(Beginning of Working data)

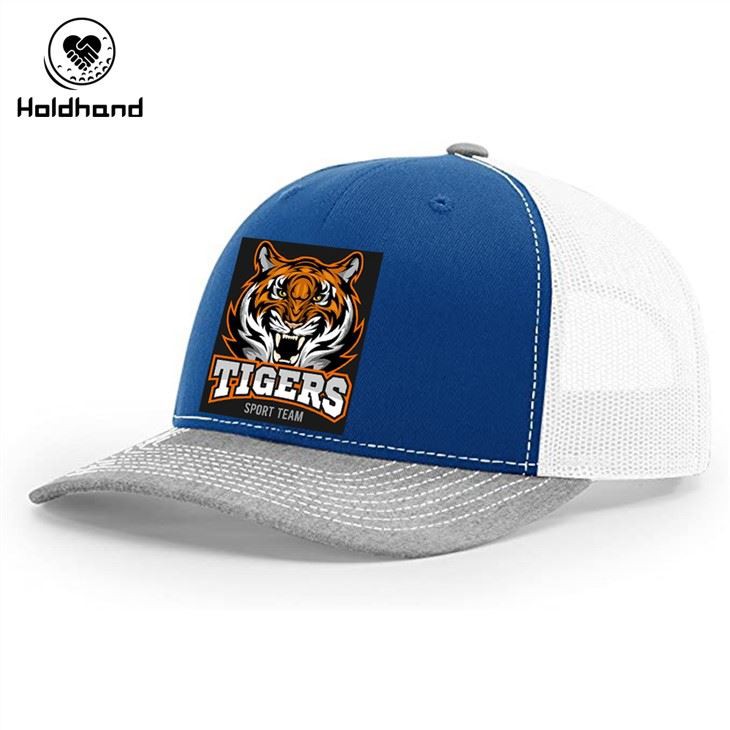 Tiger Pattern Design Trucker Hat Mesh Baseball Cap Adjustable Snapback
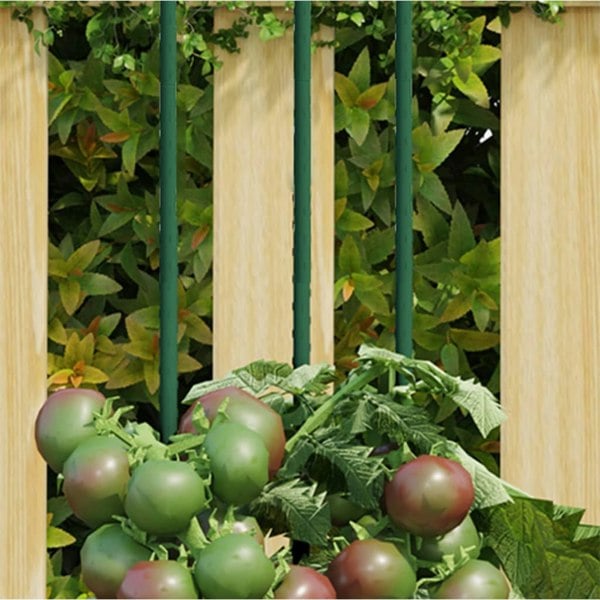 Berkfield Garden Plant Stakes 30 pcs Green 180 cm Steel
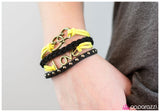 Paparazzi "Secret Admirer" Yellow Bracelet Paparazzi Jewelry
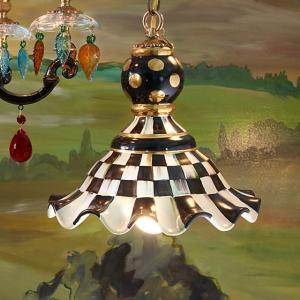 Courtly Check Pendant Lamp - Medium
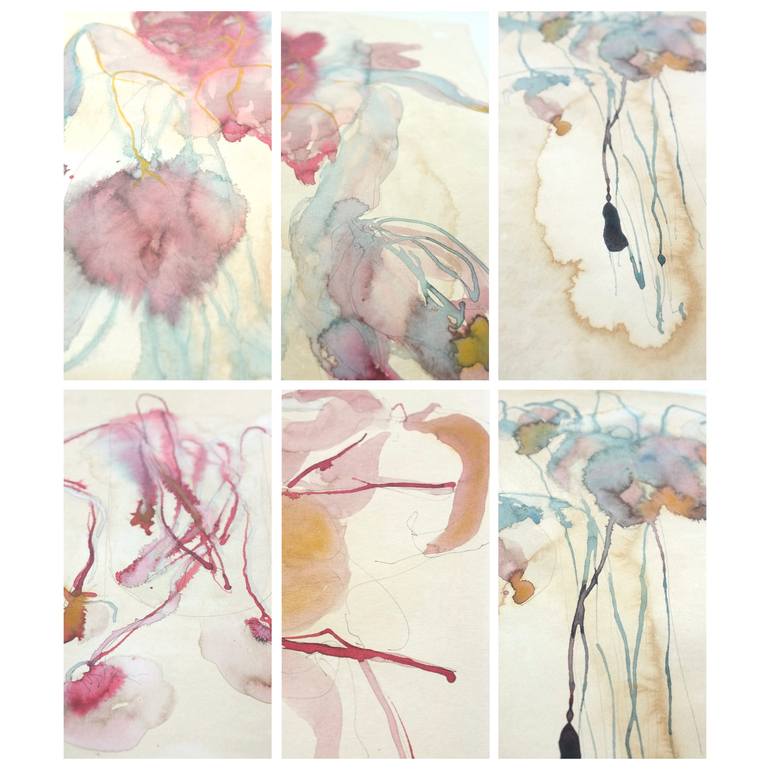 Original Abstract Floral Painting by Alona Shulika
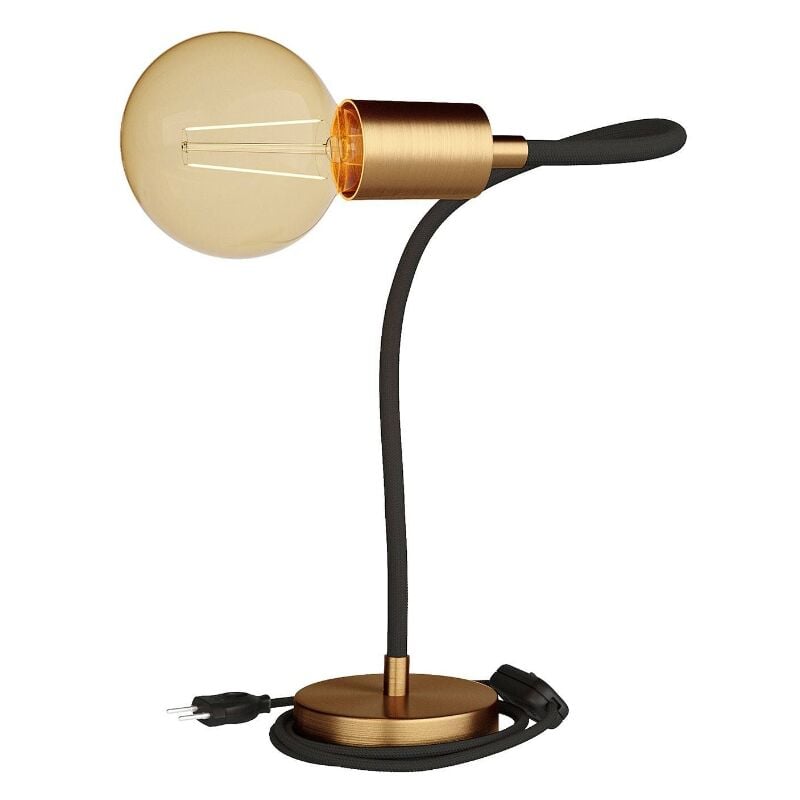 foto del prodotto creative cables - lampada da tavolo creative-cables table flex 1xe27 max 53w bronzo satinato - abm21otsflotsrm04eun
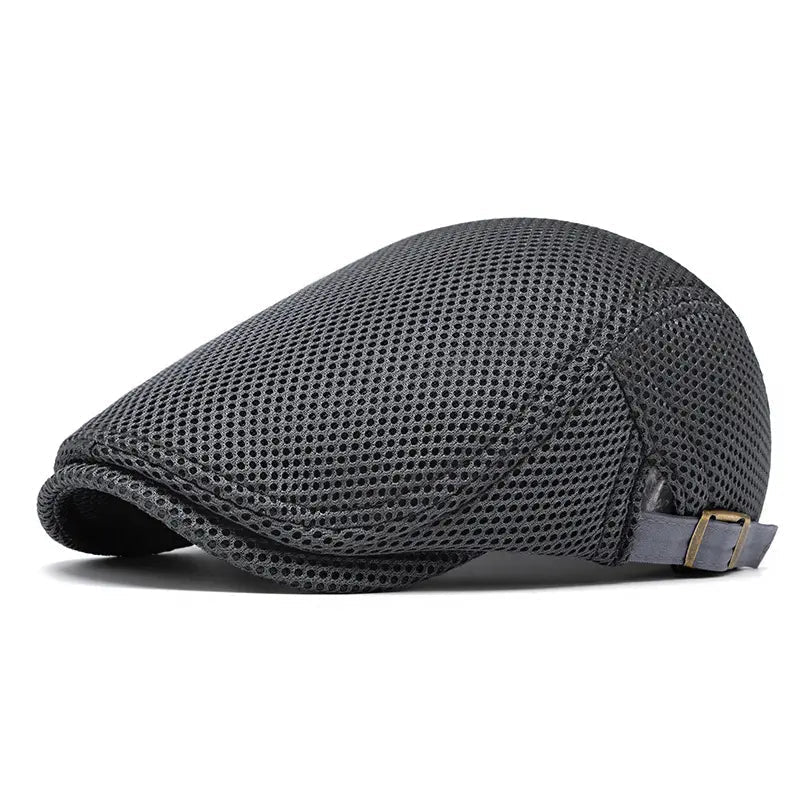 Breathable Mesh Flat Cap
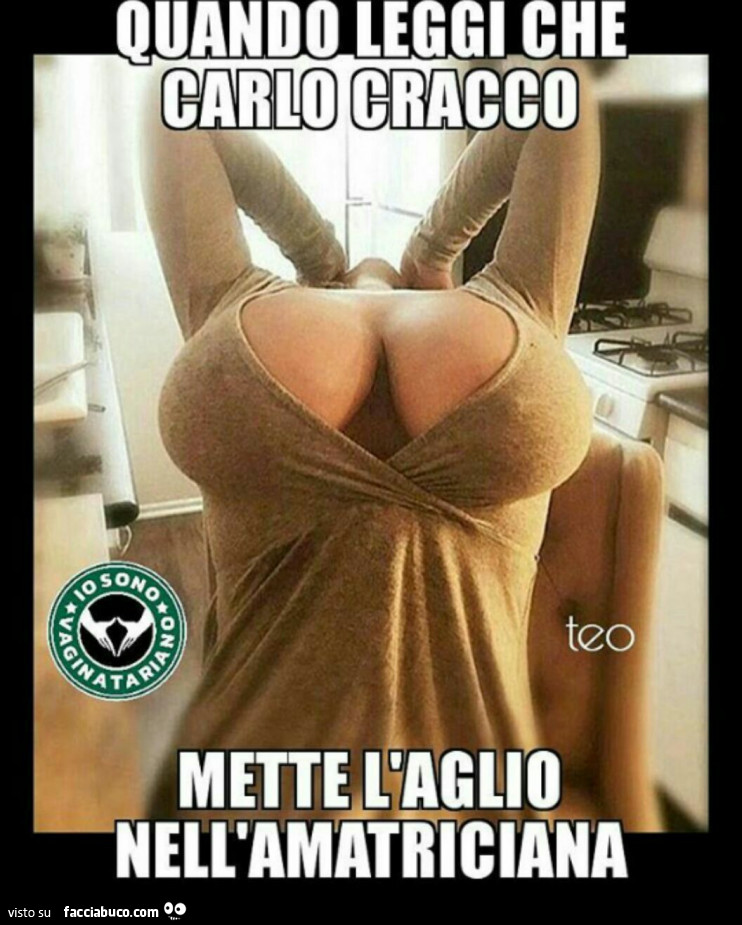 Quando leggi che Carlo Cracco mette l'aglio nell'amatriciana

(End of Working data)
(Beginning of Working data)

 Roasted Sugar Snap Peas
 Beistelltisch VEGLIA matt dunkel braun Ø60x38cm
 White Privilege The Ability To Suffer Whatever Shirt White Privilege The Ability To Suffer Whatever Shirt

(End of Working data)

» Exercise description: Nothing but the lines from the one with "Tiger Pattern Design" to the one with "Quando leggi che" above, both included, should be transcribed, exactly and without pictures.

» Answer section:
 Tiger Pattern Design Trucker Hat Mesh Baseball Cap Adjustable Snapback
 Berkfield Garden Plant Stakes 30 pcs Green 180 cm Steel
 Paparazzi "Secret Admirer" Yellow Bracelet Paparazzi Jewelry
 Courtly Check Pendant Lamp - Medium
 Original Abstract Floral Painting by Alona Shulika
 foto del prodotto creative cables - lampada da tavolo creative-cables table flex 1xe27 max 53w bronzo satinato - abm21otsflotsrm04eun
 Breathable Mesh Flat Cap
 Quando leggi che Carlo Cracco mette l'aglio nell'amatriciana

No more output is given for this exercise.